2. Drawing the Bases
Use the Pen Tool (P) to go over the basic shape of the head and feet areas. Make sure that the corners of your Pen Tool shapes meet the corners of your rectangle guides. This is to ensure a perfect alignment of your Pattern Brush later on.
Draw one line with the Line Segment Tool (\) for the abdomen and then apply a thick Stroke Weight of around 90pt. Then go to Effects > Distort & Transform > Zig Zag and add 1 Ridge to the line. Consider that this section will be repeated depending on the length of the Longcat, so the wave must meet the same places either end of the line.
With the line selected, go to Object > Expand twice to convert the line into a shape.
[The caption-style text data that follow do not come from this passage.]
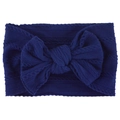 Dark blue knitted baby headband with a large bow and textured cable knit pattern - Navy Blue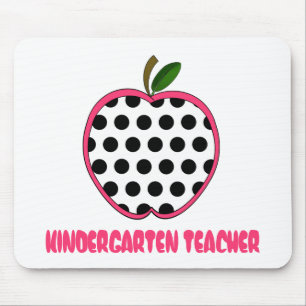 Kindergarten Teacher Polka Dot Apple Mouse Pad
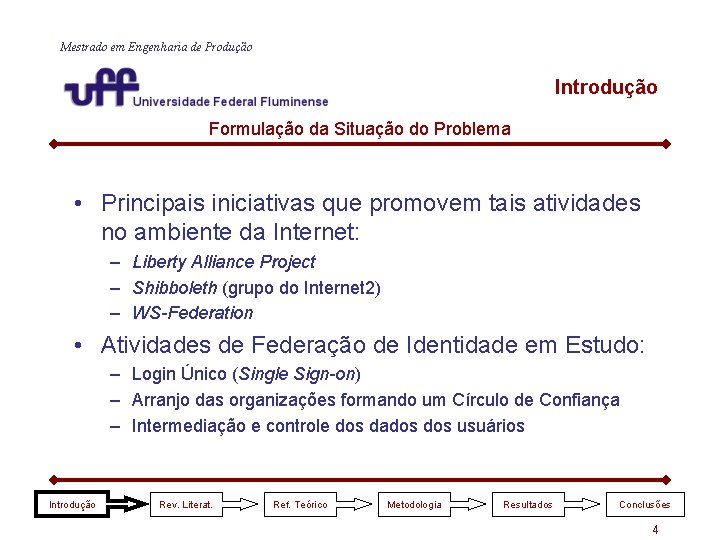 Mestrado em Engenharia de Produção Introdução Formulação da Situação do Problema • Principais iniciativas Mestrado em Engenharia de Produção Introdução Formulação da Situação do Problema • Principais iniciativas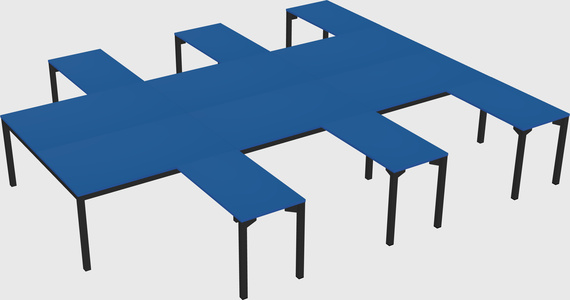 Shared l-shaped desk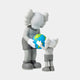 The Soft Grey Iconify Atlas Figure - 30cm by Giant Sculptures features two gray cartoon-like figures with round ears, one larger and one smaller, holding a blue and green globe. This whimsical piece adds a modern touch to interiors while implying themes of sharing or teaching about the world.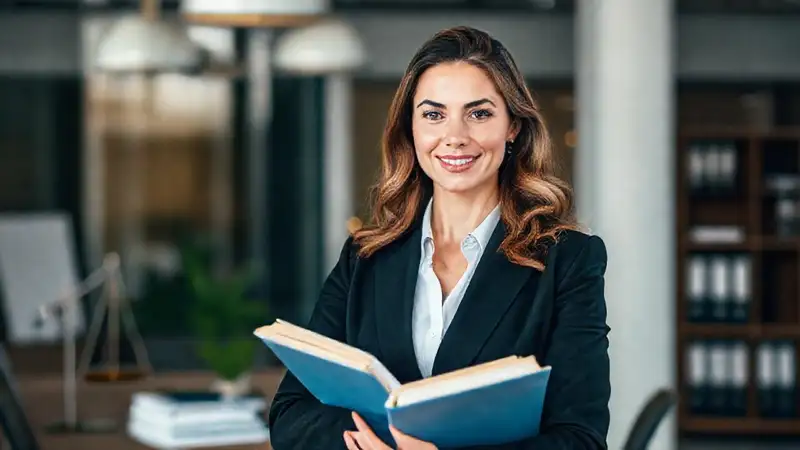Personaje profesional con libros y documentos legales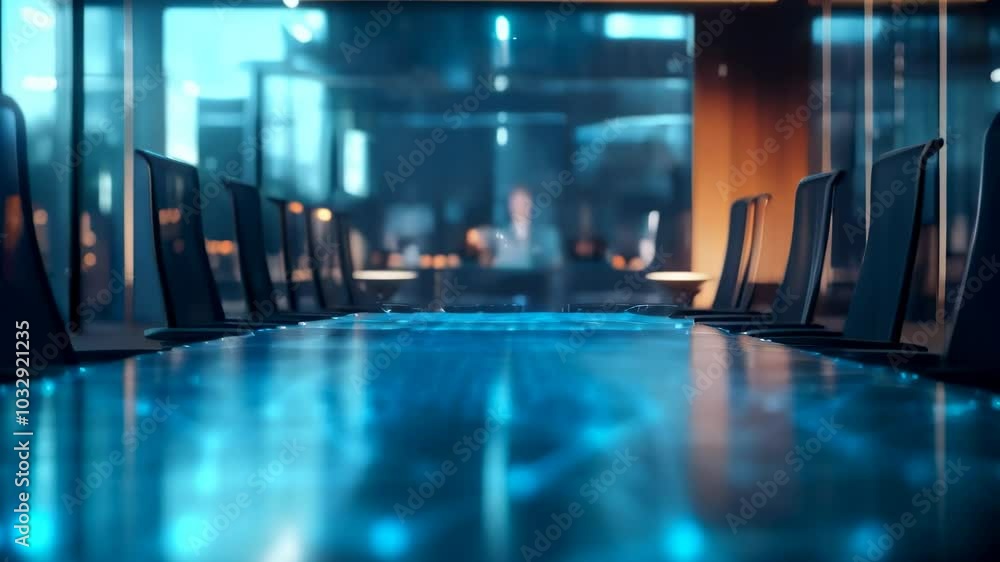 Poster empty conference room with digital display emerging from the surface of the table, suggesting a high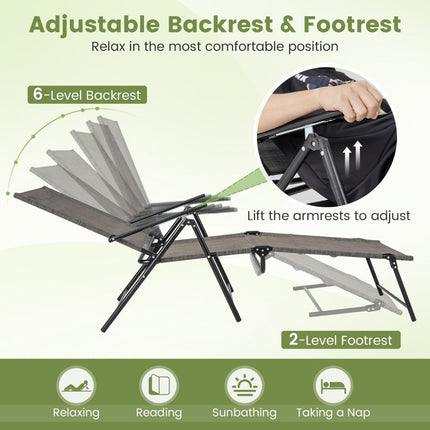 Adjustable Folding Sun Lounger Set, Black, 2-Piece
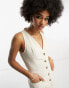 ASOS DESIGN Tall linen look button through jumpsuit in oatmeal 32 - фото #6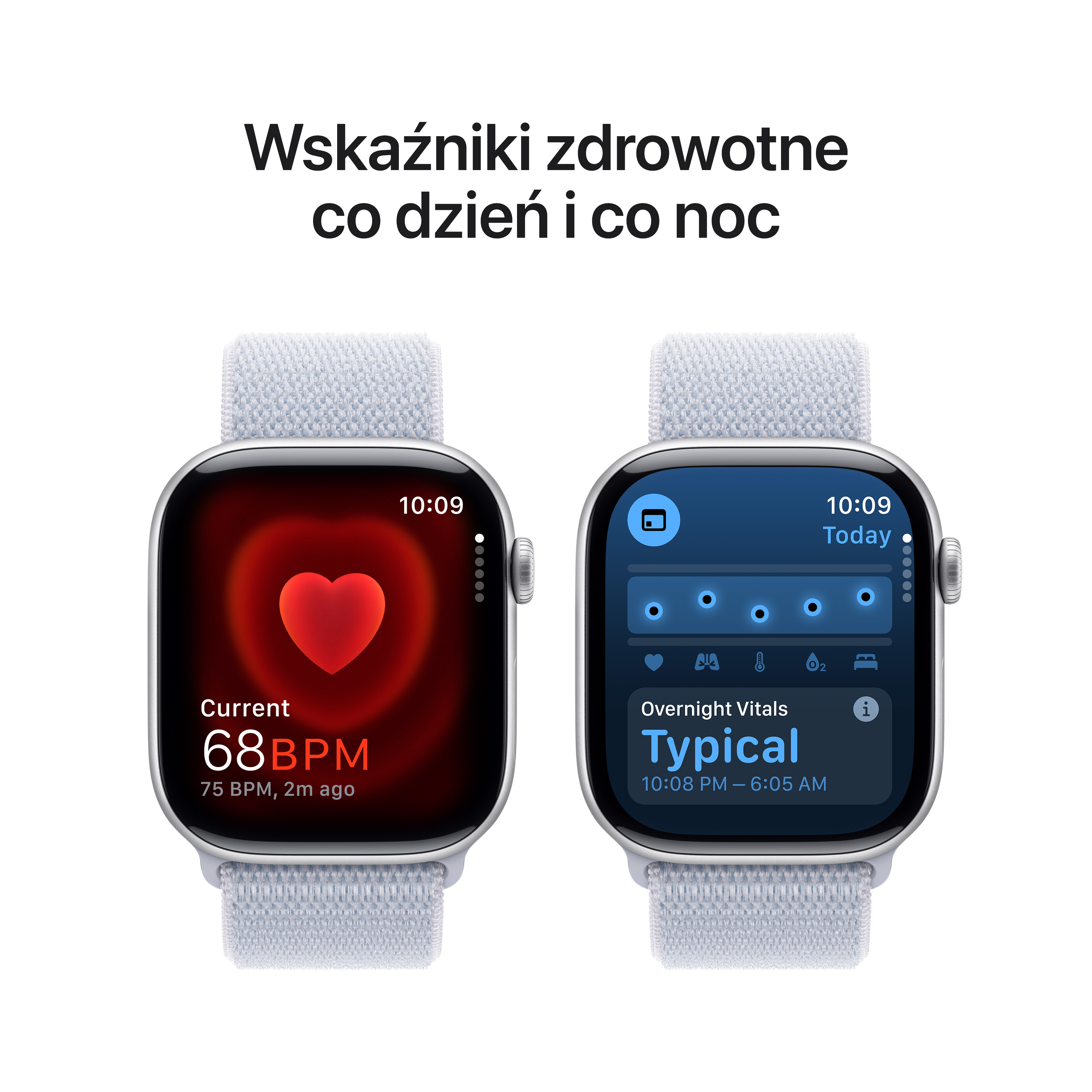 Dwa smartwatche wyświetlające tętno i parametry życiowe w nocy, z białymi paskami.
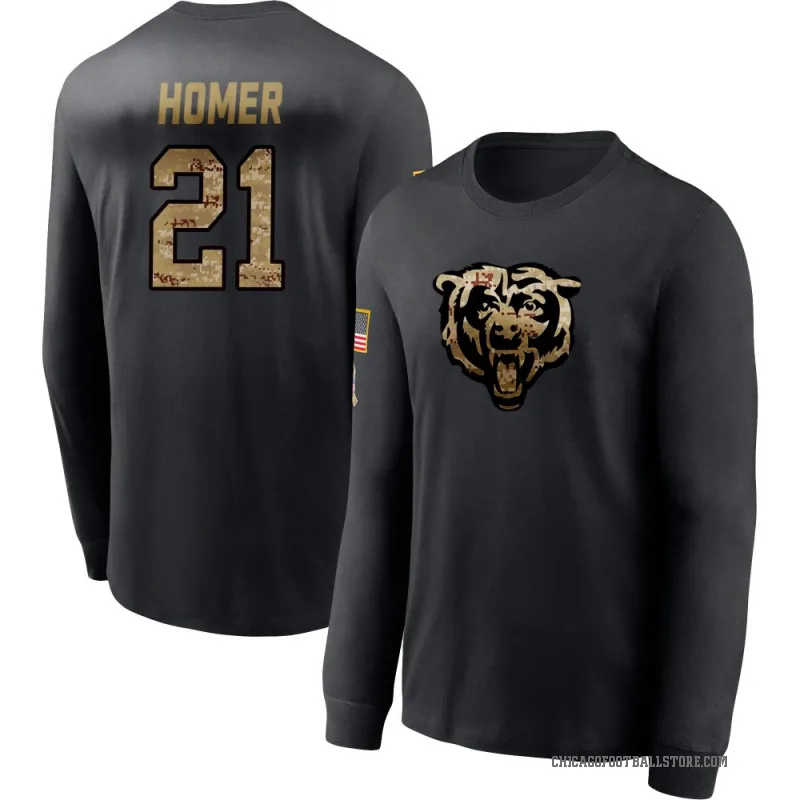 Travis Homer Men's Black Chicago Bears 2020 Salute To Service Sideline Performance Long Sleeve T-Shirt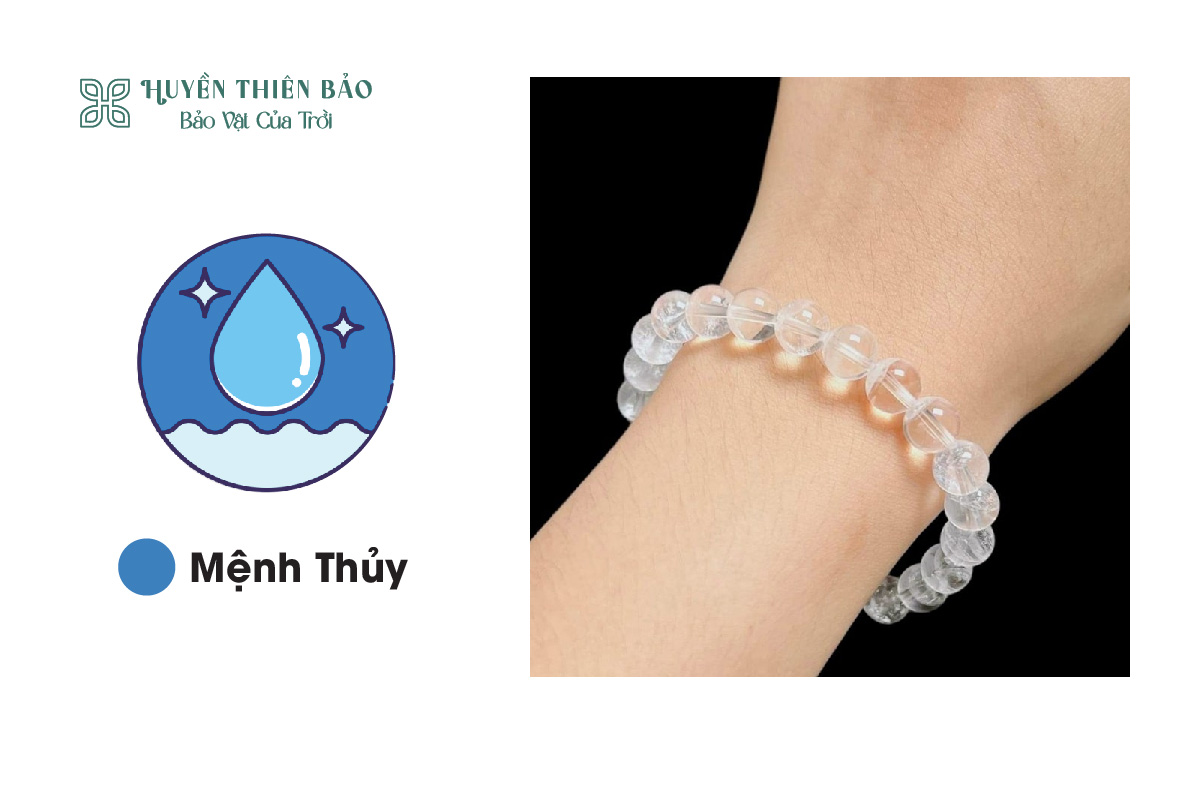 Vòng thạch anh trắng: Phù hợp với người mệnh thủy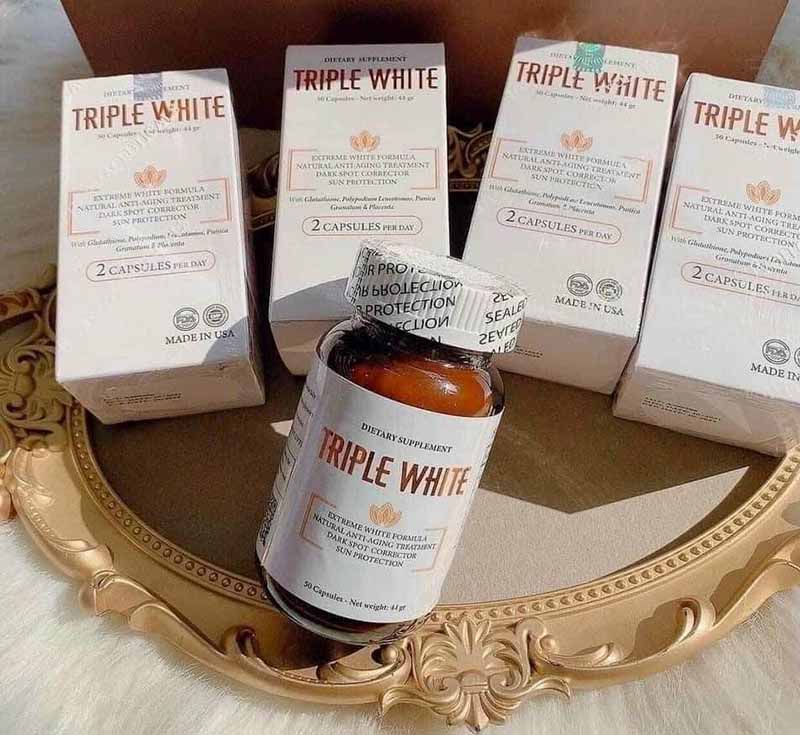 Viên uống trắng da dành cho nam Triple White 1200mg Glutathione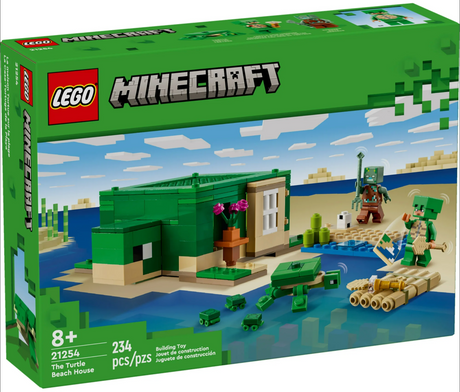 LEGO Minecraft The Turtle Beach House set with turtle-shaped house, characters, baby turtles, and raft building toy for kids 8+ years.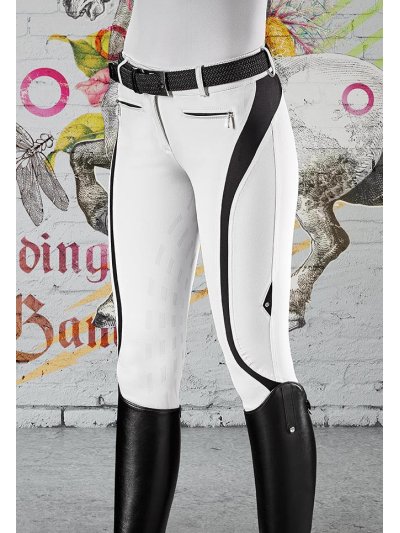 Pantalons d'équitation blanc avec détail en noir et grip en genoux et cuisses pour femme Francine - Equiline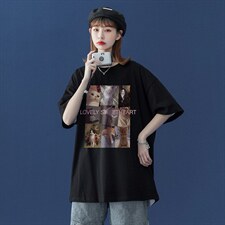 2023夏季新款潮流街头猫咪印花情侣宽松落肩短袖T恤T31P25控35，男装T恤，A247A
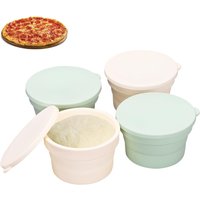 Lidded Hybrid Pizza Dough Box, Multi-Functional Foldable Non-Stick Silicone Bread/Pizza/Toast Proofing Box Kitchen Baking Tool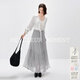 麥檬月光裙MM五好神裙白色蛋糕花苞半身裙出游長(cháng)款波嬉風(fēng)夏5994140703 網(wǎng)紗裙-淺灰5G4340501（3層裙擺） S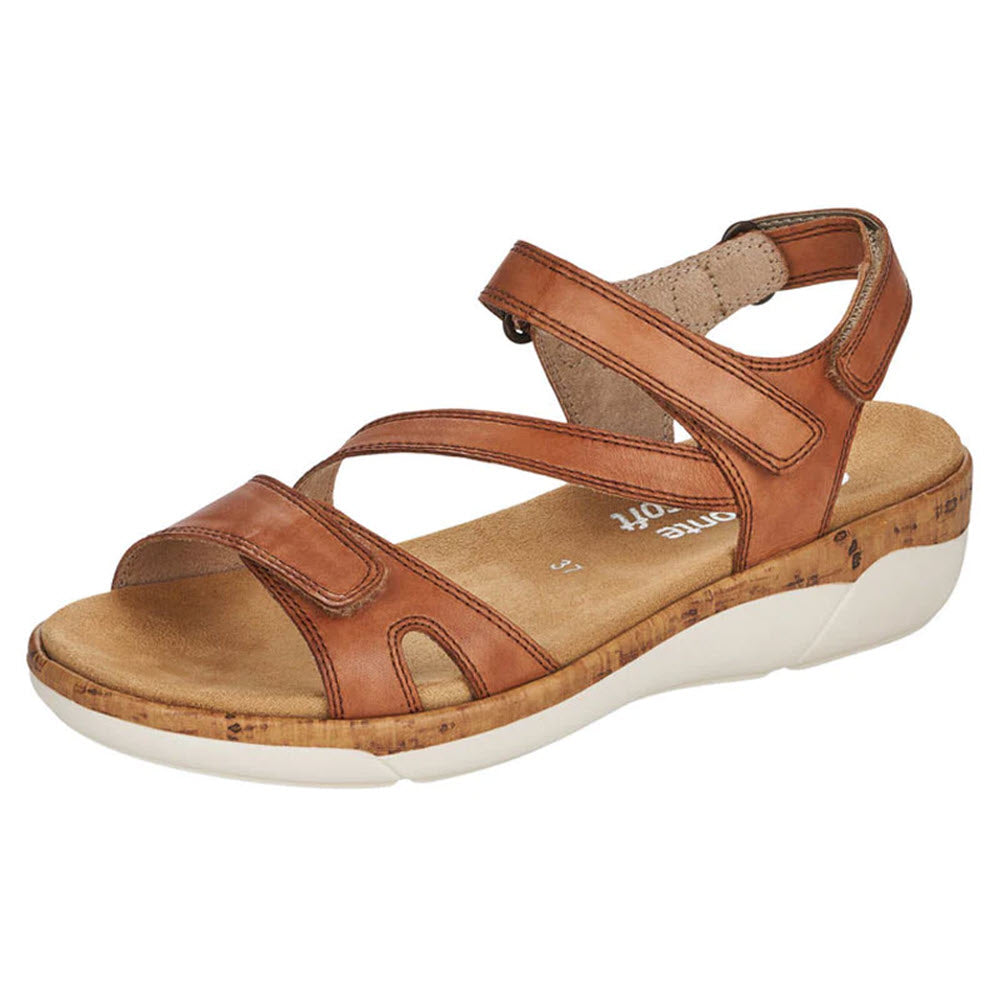 The REMONTE COMFORT Z STRAP COGNAC for women by Remonte is a brown leather sandal featuring multiple adjustable straps, a hook-and-loop closure, a cushioned insole, and a white rubber sole.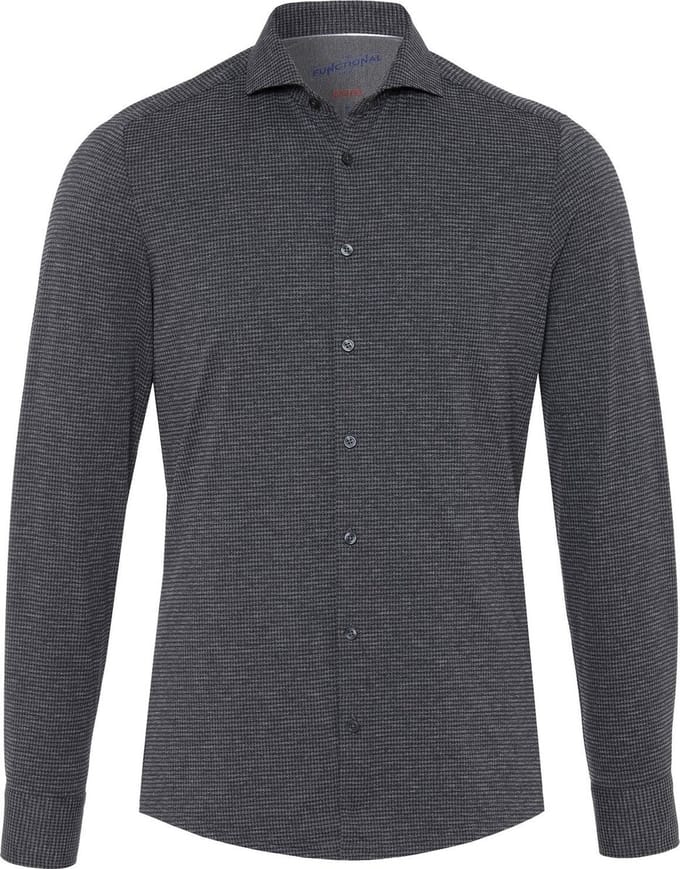 Pure The Functional Shirt Print Antraciet - Maat 43 - Heren - Overhemden Formeel
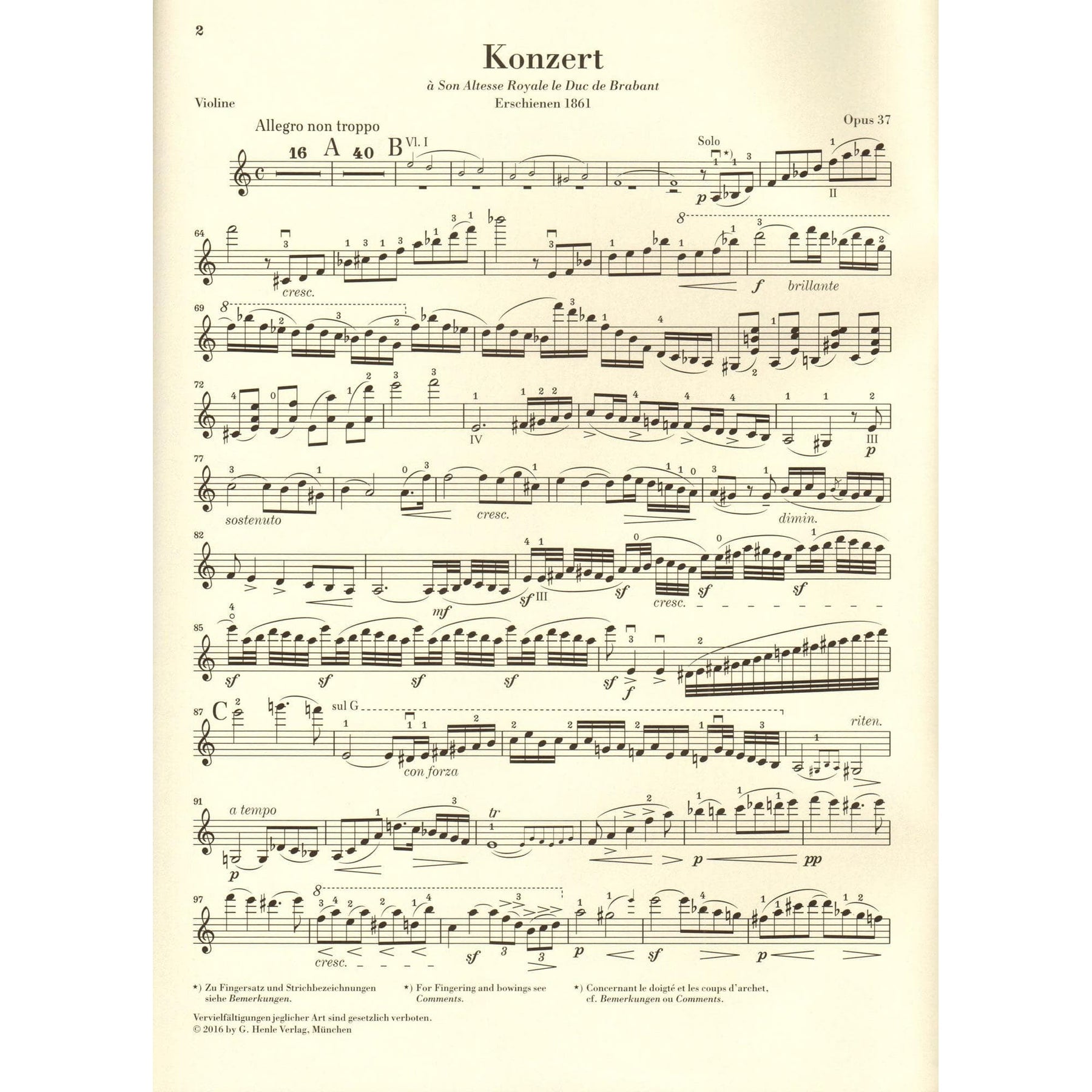 Vieuxtemps, Henri - Concerto No. 5 in A minor, Opus 37 - for Violin and Piano - edited by Iwazumi - G Henle Verlag URTEXT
You may need to use the Free Transform Tool (E) to modify the width of the shape to make sure the top and bottom corners snap to the original rectangle you created as a guide.
3. Adding the Shading to the Bases
Time to begin drawing your shading shapes with the Pen Tool (P). Try to keep it simple and not go over the top with the amount of anchor points, otherwise it may become memory hungry... om nom nom!
For the abdomen, I've duplicated the shape and used the Free Transform Tool (E) to reduce the width of the shape. Although your shapes are currently off center, try to estimate where the corners for the top and bottom of the shapes meet. Don't worry if you're off, as this can be rectified later on.
And here is my final shapes of shading.
4. Adding Facial Detailing
I've drawn eyes and added whiskers using the Pen Tool (P). The whiskers have a Width Profile applied to them.
When you're done, Object > Expand your lines to shapes then Group each section (Ctrl + G). If it makes things easier, put them in their own Layers.
5. Preparing the Brush Sections
Time to line up the groups. The base shape corners should allow you to snap them together, however you may notice that some of the shading isn't as aligned as you hope... who's purrfect huh? (Last pun I promise!). Use the Direct Selection Tool (A) to select the offending point and snap it into place. You may also need to align the boundary rectangles again. As long as you don't move then up or down, it is perfectly fine to move them all together left or right to make sure that all of Longcat is within his boundaries.
I've now colored my Longcat and given it a subtle green stripe in the eyes. The green background is purely so you can see him as he's got an off white base. I've also Grouped each of the sections with it's corresponding boundary shape (Ctrl + G).
Time to turn Longcat around to make him easier to fit into the Pattern Brush format. Select all of his groups and go to Object > Transform > Rotate and enter in the Angle: 90 degrees. Click on OK once done.
Now drag and drop the head and the feet groups into the Swatches panel. These will automatically make a pattern swatch. They won't really be usable for anything other than making this Pattern Brush.
I would suggest, if you're using CS6 to avoid the urge of double clicking on each element and renaming the pattern. This will bring up the Pattern Options dialog box and although it will cure your OCD of wanting a wonderfully organized file, it may create difficulties in aligning your Pattern Brush. Take this from personal experience!
6. Creating a New Pattern Brush
Select your abdomen group and then in the Brushes panel click on New Brush > Pattern Brush. The abdomen group should automatically fill the first window, this is the main repeating element of the brush. Select the fourth window and select your head from the options below and then select the fifth and select your feet. Once you're happy, click on OK and you've gotten you Longcat Pattern Brush!
Now Your Longcat is Truly Long!
So he may not have an every day use, but he's amusing to play with. He's a cat of infinite length and can be drawn along any open ended line. Try giving him different Stroke Weights to enhance his length.
I hope you've enjoyed today's Quick Tip. What other memes do you think would be perfect for vector? Suggest them and you never know!